BRIEF
Using the data below, determine the number of lines that include the string "going". Write only that number.

DATASET
§

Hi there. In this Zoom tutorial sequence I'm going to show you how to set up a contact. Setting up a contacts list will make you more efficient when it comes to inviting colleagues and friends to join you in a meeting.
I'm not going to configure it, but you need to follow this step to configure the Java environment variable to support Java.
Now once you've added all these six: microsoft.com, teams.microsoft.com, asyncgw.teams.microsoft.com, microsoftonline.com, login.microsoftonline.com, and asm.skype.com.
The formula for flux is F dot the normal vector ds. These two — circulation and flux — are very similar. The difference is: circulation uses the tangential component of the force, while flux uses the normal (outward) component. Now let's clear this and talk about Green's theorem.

§

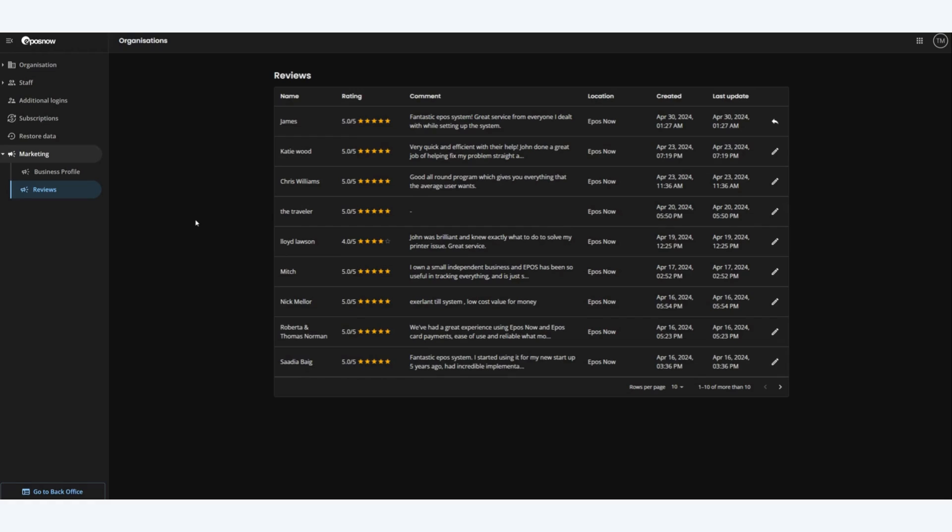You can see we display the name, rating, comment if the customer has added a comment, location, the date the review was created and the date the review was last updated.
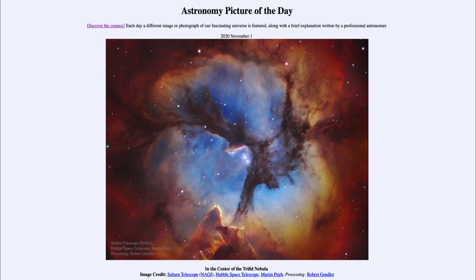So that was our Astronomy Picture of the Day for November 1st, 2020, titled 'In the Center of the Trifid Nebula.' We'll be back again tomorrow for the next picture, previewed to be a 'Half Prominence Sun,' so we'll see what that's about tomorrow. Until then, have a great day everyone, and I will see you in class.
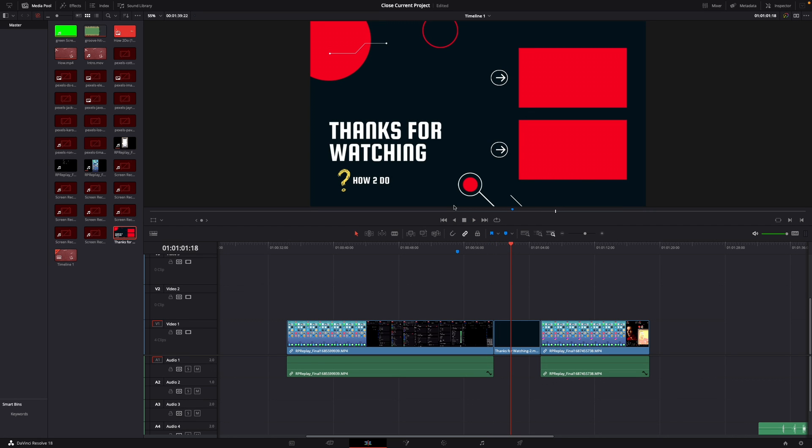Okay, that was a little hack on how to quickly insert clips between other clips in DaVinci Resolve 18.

§

OUTPUT BELOW
2